TAVI vs SAVR は年齢だけで決まらない
TAVI vs SAVRの決定において年齢は重要だが、それ自体が答えではない。年齢が何の代替指標であるかを理解することで、ハートチームの判断がより明確になる。
AS介入ナビゲーターが80歳患者でTAVIを示唆しても、それは年齢だけが理由ではない。年齢はいくつかの臨床的要因の代替指標として機能している。
要点
年齢が重要なのは、余命・虚弱度・外科的リスクと相関するからだ——しかしこれらはどれも年齢と同義ではない。

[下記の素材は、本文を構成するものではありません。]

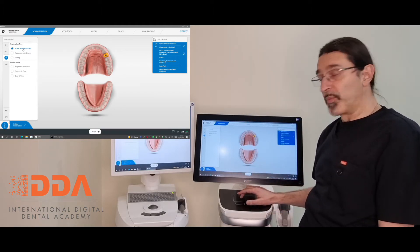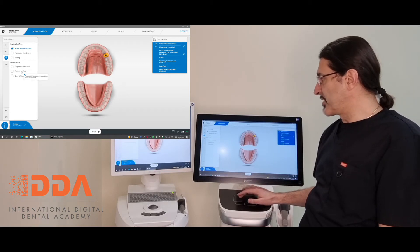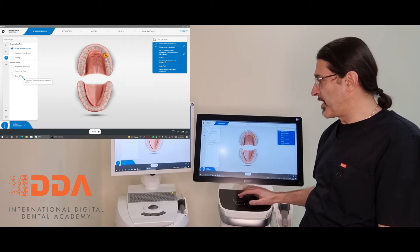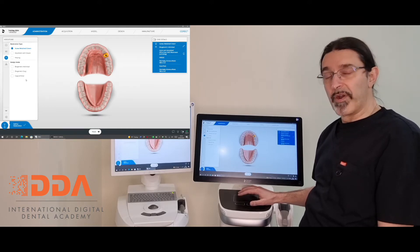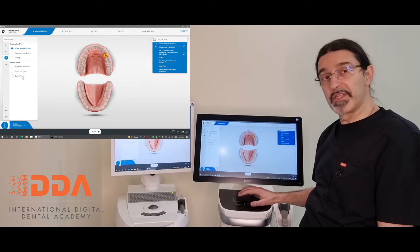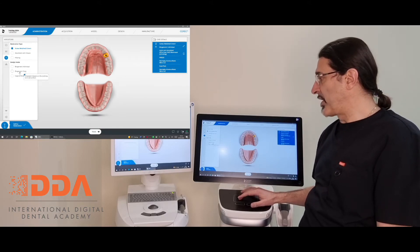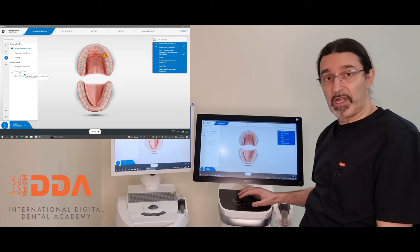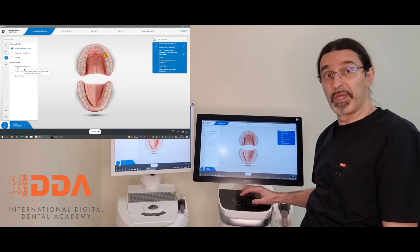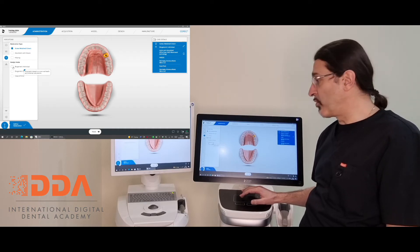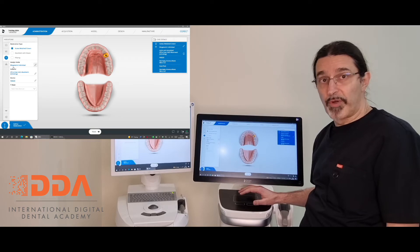So the first thing we'll do is select a screw-retained crown. Once you've selected it, we've got the options of a biogeneric individual, a biogeneric copy, or a copy and mirror. If you want to copy one of the other teeth anatomically and mirror it, you can choose that third option. Or biogeneric copy where you can draw the outline of a previous temporary tooth and copy it into the permanent. But personally, I always like to choose the biogeneric individual as this gives me the most options for modifying the crown.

ハートチームは解剖・アクセス・戦略を総合して評価する。
要点まとめ
- 年齢は重要な入力値だが、余命・虚弱度・生理的予備能の代替指標だ。
- 大腿動脈アクセスの実行可能性はTAVIの標準的な手術リスク優位性の前提条件。
- 虚弱度は年齢とは独立した転帰予測因子——年齢やSTS スコアよりも強いことがある。
- SAVRは依然として高い有効性を持つ——適切な患者では「より困難な選択肢」ではなく「正しい選択」だ。

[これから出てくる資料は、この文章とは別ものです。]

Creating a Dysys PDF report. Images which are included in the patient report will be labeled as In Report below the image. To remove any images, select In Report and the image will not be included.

- ハートチームが存在するのは、答えが一目瞭然でないことが多いからだ。
このページを使う場面
AS介入ナビゲーターからTAVI・SAVR・ハートチームによる検討というフラグが立ち、年齢が考慮されているが唯一の決定要因にはなっていない理由を知りたい。
年齢は重要だ——しかし何の代わりに立っているのか
主要なランダム化試験(PARTNER・SURTAVI等)では、低〜中等リスク患者においてTAVIとSAVRは短期的に同等の転帰を示し、高リスク・極高リスク患者ではTAVIが優位だった。年齢はすべての試験で一貫した転帰予測因子だった——しかしそれは主に、高齢患者の余命が短く、虚弱度が高く、開心術とその回復に耐える生理的予備能が乏しいためだ。65歳の年齢と82歳の年齢は臨床的に全く異なる意味を持つ。
余命と弁の耐久性
TAVI弁の耐久性に関する10年超のデータはほとんどの集団で不確実なままだ。これは余命が限られた83歳患者には大きな問題ではないが、62歳の患者には非常に重大だ。TAVI弁の耐久性を超えて生きる患者は再介入が必要になる可能性がある——valve-in-valve TAVIが将来可能かどうかは、初回弁の内径に依存する。SAVRで置換した生体弁や機械弁の方が、数十年先の患者にとって耐久性の点で優位だ。
大腿動脈アクセスが計算を変える
高リスク患者でのTAVIの大きな優位性は大腿動脈アクセスで実証された。代替アクセス——心尖部・大動脈・transcaval——は合併症率が高く、そもそもTAVIを魅力的にしていた手術リスクの優位性が消える可能性がある。高齢患者でTAVIをデフォルトとする前に、大腿動脈アクセスの実行可能性を確認することが不可欠だ。
虚弱度は年齢と同じではない
虚弱度——Clinical Frailty Scale等で正式評価するか、歩行速度・握力・ADLで非公式に評価する——は多くの集団でSTS スコアより強い術後転帰予測因子だ。虚弱な75歳は、元気な80歳より転帰が悪い場合がある。TAVIの低い手術負担は、正確な年齢を問わず虚弱患者で特に有利だ。
ハートチームが存在する理由
ACC/AHA VHD 2020はほとんどのAVR決定でハートチームによる評価を推奨している。これは官僚的な慎重さではない——解剖・生理・患者価値観・施設経験・生涯戦略を一つの推奨にまとめることの本質的な複雑さを反映している。ツールが「ハートチームへ」を示しても、それは決断の失敗ではなく、適切な臨床プロセスだ。
よくある間違い
TAVIを「高齢者のための簡単な選択肢」、SAVRを「若年者のための正しい選択肢」として位置づけること。どちらの手技にも適応・リスク・トレードオフがある。問いは、この患者の解剖・生理・価値観・予測される軌跡にどちらが適合するか、だ。